• TASK GOAL
In the records below, find each line containing the word "Street" and copy it.

• RAW DATA
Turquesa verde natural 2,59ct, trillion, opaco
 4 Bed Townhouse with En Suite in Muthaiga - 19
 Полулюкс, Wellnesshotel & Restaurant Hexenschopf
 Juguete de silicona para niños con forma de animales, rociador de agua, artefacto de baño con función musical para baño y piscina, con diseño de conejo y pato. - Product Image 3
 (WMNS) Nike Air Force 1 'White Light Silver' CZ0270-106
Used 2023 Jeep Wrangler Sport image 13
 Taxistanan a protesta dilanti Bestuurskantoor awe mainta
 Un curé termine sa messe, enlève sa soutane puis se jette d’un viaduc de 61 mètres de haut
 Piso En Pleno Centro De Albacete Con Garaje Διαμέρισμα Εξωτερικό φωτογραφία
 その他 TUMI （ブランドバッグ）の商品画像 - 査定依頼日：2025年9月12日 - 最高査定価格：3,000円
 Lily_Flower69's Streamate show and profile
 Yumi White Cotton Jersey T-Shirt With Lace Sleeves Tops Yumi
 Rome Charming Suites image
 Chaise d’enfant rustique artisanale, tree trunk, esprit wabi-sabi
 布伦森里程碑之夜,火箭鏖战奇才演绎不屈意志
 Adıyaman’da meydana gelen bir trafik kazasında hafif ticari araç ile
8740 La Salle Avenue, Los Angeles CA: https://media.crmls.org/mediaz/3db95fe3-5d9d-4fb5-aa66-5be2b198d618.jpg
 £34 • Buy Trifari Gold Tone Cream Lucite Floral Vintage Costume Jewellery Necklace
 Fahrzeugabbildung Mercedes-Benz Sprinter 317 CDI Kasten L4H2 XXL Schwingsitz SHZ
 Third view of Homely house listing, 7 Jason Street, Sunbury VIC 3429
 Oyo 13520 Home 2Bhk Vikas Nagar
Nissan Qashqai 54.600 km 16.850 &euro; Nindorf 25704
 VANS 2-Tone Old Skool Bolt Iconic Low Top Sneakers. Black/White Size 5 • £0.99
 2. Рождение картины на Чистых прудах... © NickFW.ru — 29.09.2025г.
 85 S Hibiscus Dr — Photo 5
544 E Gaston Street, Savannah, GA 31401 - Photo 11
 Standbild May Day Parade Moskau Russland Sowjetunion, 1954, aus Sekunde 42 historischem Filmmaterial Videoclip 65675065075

• RESULT
 Third view of Homely house listing, 7 Jason Street, Sunbury VIC 3429
544 E Gaston Street, Savannah, GA 31401 - Photo 11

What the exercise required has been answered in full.